My mouth goes dry. How I never saw her before, really saw her, is beyond me.

“You!” The champagne bottle pops out of her full lips and she points it at me. “You never showed!”

“In my defense, we had a mission of mercy that took precedence, otherwise wild horses could not have kept me from you,” I tell her to which she replies with a loud bark of laughter.

“Fuck me, the shit that comes out of your mouth. Do you even believe it?” she asks, shaking her head as she saunters toward me like a stealthy cat. I’m not often rendered speechless by a woman, but the sight of her, sweat glistening on the visible pale half moons of her breasts, the light catching the diamond swinging from her navel. Without another word, she slides one arm around my neck and then presses the full length of her body to mine. “Are you going to stop playing hard to get now Talbot or do I have to fuck some sense into you?”

“Uh…oui, s’il vous plaît?” is the only answer I can give.

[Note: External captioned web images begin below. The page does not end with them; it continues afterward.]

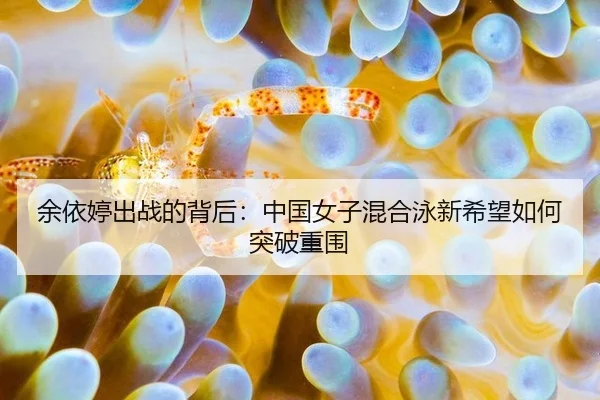 yu-yi-ting-chu-zhan-de-bei-hou-zhong-guo-nv-zi-hun-he-yong-xin-xi-wang-ru-he-tu-po-chong-wei-2-125.jpg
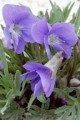 VIOLA PEDATIFIDA | Prairie Violet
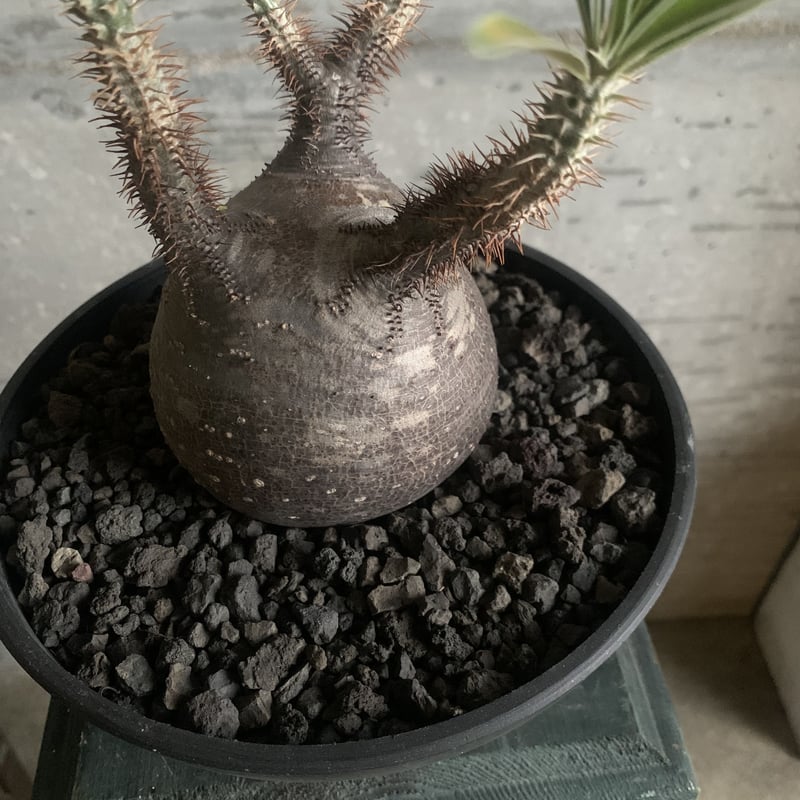 パキポディウム グラキリス 特選まんまる 個人コレクション株 | bot.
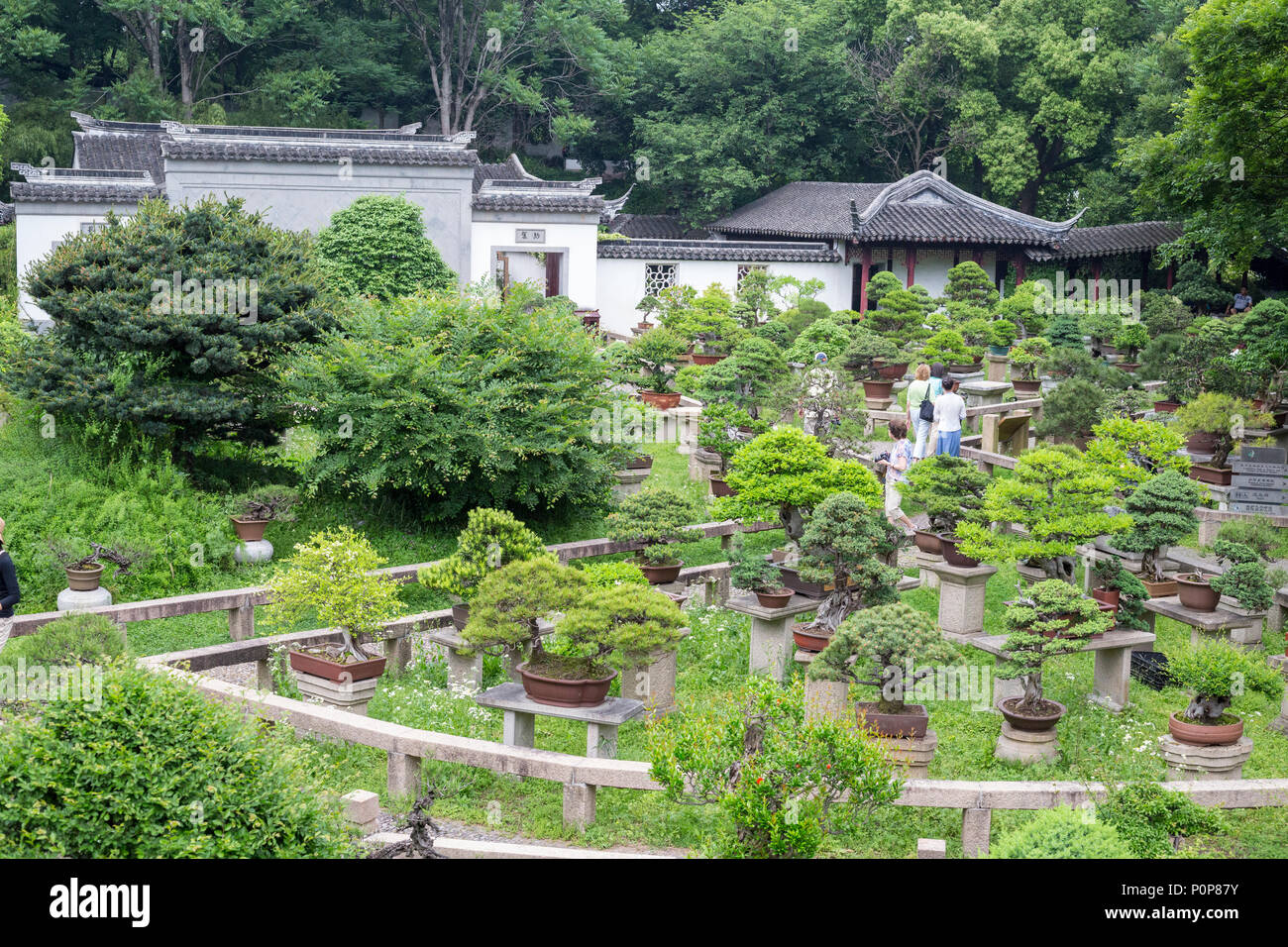 Suzhou, Jiangsu, China. Bonzai Garten, Tiger Hill. Stockfoto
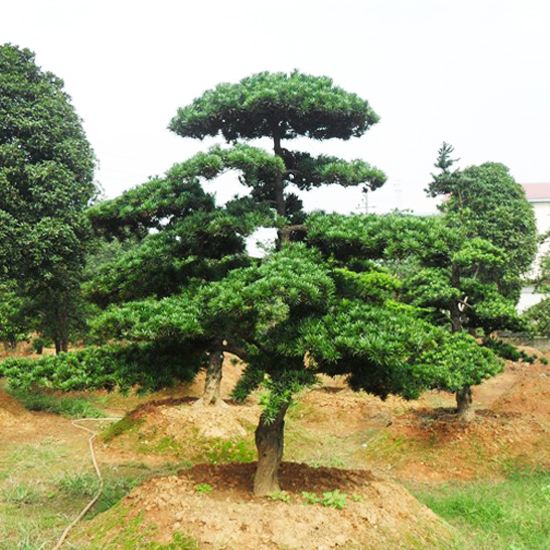 <b>羅漢松</b>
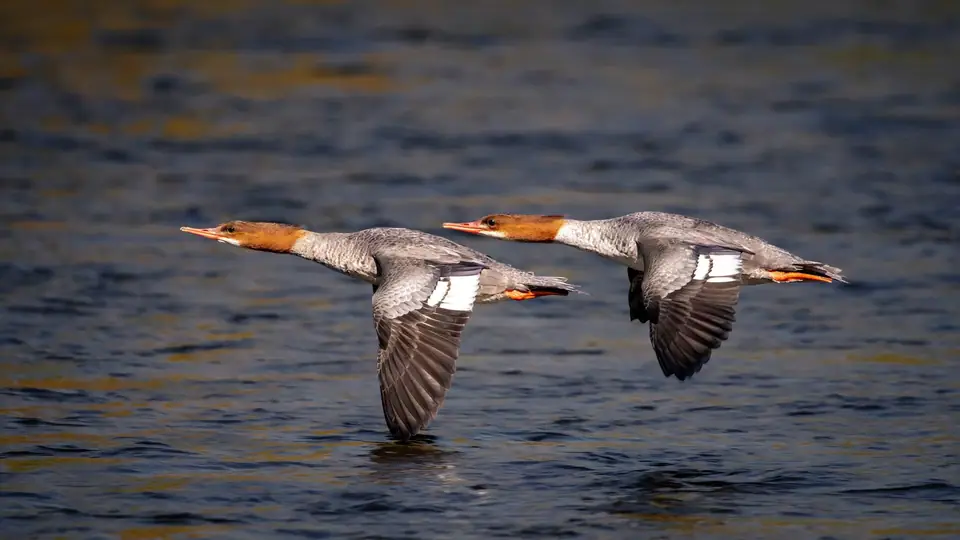 Aves silvestres em voo sobre área úmida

She laughs, a dirty, raunchy sexy laugh that doesn’t look like it should come out of a package as compact as hers’, and then she presses her lips over mine in a firm, take no prisoners kind of kiss. When she pulls back, her eyes are glassy but she’s grinning.

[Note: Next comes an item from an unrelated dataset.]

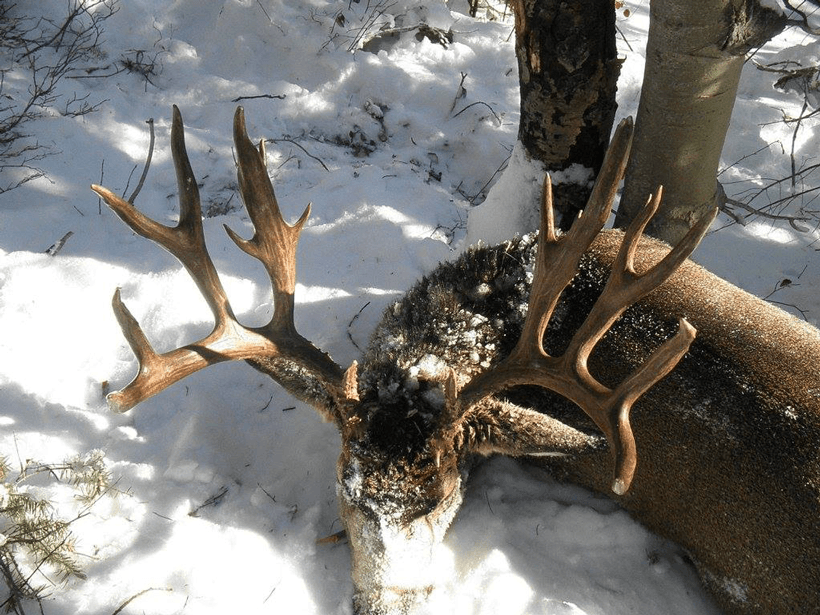 Howard mee mule deer buck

“I’m kind of drunk,” she whispers into my ear. The champagne bottle is cold on the back of my neck. I can feel the condensation from the bottle dripping down the back of my t-shirt. “But I’m not that drunk, if you know what I mean.”

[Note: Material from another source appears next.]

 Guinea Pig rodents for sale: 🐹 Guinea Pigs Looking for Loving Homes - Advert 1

“No, I’m not sure,” I begin, thinking she means that she’s not really gonna fuck me senseless and I have to admit to being more than a little disappointed. Not that I came all this way thinking that for sure I was getting lucky but….

“I mean I’m not soooo drunk that I’m gonna pass out under you,” she adds, her other hand sliding up under my t-shirt, her fingers walking up the middle of my stomach, making my entire body shudder.  “And I’m so fucking jazzed right now, I bet I outlast you,” she adds, pinching one of my nipples between her finger and thumb hard enough that it hurts, but so good.

“Great, where are you staying?” I think I should be totally ecstatic and I am, which she is makes it clear she’s pretty aware of as she grinds against my hardening dick, but I’m also kind of taken aback. I mean, I’ve had girls offer it, just like that, in clubs but…I guess I wasn’t quite prepared for this.

“Don’t worry Max,” she whispers as she nips at my lower lip with her tongue, “I don’t bite…too hard.” With a groan I let her lead me towards one of the doors, staggering behind her because all of the blood is rushing out of my head and quickly south.

“Don’t kill him Daze,” I hear Kensey laughing behind us, “or somehow that will end up my fault.”